▶ [WORK ITEM]
Reproduce the data exactly; no word may be added or dropped.

▶ [MATERIAL FOR THIS TASK]
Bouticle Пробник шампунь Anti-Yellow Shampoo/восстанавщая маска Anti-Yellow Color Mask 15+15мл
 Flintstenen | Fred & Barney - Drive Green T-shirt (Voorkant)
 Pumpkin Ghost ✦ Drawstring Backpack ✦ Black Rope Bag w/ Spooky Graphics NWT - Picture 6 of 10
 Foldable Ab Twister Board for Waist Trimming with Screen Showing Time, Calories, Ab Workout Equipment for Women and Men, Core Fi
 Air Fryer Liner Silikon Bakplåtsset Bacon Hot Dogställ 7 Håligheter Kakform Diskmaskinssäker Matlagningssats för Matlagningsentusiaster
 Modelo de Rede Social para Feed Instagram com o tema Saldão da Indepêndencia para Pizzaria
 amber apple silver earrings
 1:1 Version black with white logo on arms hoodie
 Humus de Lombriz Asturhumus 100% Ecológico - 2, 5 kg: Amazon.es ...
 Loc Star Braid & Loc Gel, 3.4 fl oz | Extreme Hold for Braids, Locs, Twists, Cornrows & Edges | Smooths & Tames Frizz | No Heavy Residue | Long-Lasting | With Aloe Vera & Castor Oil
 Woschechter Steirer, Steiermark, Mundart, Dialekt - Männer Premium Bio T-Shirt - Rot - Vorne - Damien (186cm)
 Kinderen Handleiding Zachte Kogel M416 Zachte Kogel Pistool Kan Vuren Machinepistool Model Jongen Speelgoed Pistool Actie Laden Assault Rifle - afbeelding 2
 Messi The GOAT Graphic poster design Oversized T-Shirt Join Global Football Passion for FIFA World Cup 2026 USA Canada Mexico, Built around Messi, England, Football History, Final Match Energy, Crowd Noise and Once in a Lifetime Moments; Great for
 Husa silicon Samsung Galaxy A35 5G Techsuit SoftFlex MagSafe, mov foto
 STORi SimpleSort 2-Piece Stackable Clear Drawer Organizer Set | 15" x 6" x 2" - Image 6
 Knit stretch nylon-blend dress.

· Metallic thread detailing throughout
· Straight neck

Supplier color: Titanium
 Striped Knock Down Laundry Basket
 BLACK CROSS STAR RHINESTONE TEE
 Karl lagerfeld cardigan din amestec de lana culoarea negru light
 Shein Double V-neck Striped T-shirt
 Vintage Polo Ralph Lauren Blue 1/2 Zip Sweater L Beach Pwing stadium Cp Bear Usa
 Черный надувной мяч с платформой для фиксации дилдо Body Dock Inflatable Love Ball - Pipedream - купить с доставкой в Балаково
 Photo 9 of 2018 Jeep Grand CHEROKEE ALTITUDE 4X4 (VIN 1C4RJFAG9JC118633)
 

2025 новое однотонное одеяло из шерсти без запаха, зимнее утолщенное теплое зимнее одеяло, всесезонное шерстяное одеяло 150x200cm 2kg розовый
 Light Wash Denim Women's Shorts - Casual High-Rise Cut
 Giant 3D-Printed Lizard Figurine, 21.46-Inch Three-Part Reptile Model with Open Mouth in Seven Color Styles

▶ [OUTPUT FOR THIS EXERCISE]
Bouticle Пробник шампунь Anti-Yellow Shampoo/восстанавщая маска Anti-Yellow Color Mask 15+15мл
 Flintstenen | Fred & Barney - Drive Green T-shirt (Voorkant)
 Pumpkin Ghost ✦ Drawstring Backpack ✦ Black Rope Bag w/ Spooky Graphics NWT - Picture 6 of 10
 Foldable Ab Twister Board for Waist Trimming with Screen Showing Time, Calories, Ab Workout Equipment for Women and Men, Core Fi
 Air Fryer Liner Silikon Bakplåtsset Bacon Hot Dogställ 7 Håligheter Kakform Diskmaskinssäker Matlagningssats för Matlagningsentusiaster
 Modelo de Rede Social para Feed Instagram com o tema Saldão da Indepêndencia para Pizzaria
 amber apple silver earrings
 1:1 Version black with white logo on arms hoodie
 Humus de Lombriz Asturhumus 100% Ecológico - 2, 5 kg: Amazon.es ...
 Loc Star Braid & Loc Gel, 3.4 fl oz | Extreme Hold for Braids, Locs, Twists, Cornrows & Edges | Smooths & Tames Frizz | No Heavy Residue | Long-Lasting | With Aloe Vera & Castor Oil
 Woschechter Steirer, Steiermark, Mundart, Dialekt - Männer Premium Bio T-Shirt - Rot - Vorne - Damien (186cm)
 Kinderen Handleiding Zachte Kogel M416 Zachte Kogel Pistool Kan Vuren Machinepistool Model Jongen Speelgoed Pistool Actie Laden Assault Rifle - afbeelding 2
 Messi The GOAT Graphic poster design Oversized T-Shirt Join Global Football Passion for FIFA World Cup 2026 USA Canada Mexico, Built around Messi, England, Football History, Final Match Energy, Crowd Noise and Once in a Lifetime Moments; Great for
 Husa silicon Samsung Galaxy A35 5G Techsuit SoftFlex MagSafe, mov foto
 STORi SimpleSort 2-Piece Stackable Clear Drawer Organizer Set | 15" x 6" x 2" - Image 6
 Knit stretch nylon-blend dress.

· Metallic thread detailing throughout
· Straight neck

Supplier color: Titanium
 Striped Knock Down Laundry Basket
 BLACK CROSS STAR RHINESTONE TEE
 Karl lagerfeld cardigan din amestec de lana culoarea negru light
 Shein Double V-neck Striped T-shirt
 Vintage Polo Ralph Lauren Blue 1/2 Zip Sweater L Beach Pwing stadium Cp Bear Usa
 Черный надувной мяч с платформой для фиксации дилдо Body Dock Inflatable Love Ball - Pipedream - купить с доставкой в Балаково
 Photo 9 of 2018 Jeep Grand CHEROKEE ALTITUDE 4X4 (VIN 1C4RJFAG9JC118633)
 

2025 новое однотонное одеяло из шерсти без запаха, зимнее утолщенное теплое зимнее одеяло, всесезонное шерстяное одеяло 150x200cm 2kg розовый
 Light Wash Denim Women's Shorts - Casual High-Rise Cut
 Giant 3D-Printed Lizard Figurine, 21.46-Inch Three-Part Reptile Model with Open Mouth in Seven Color Styles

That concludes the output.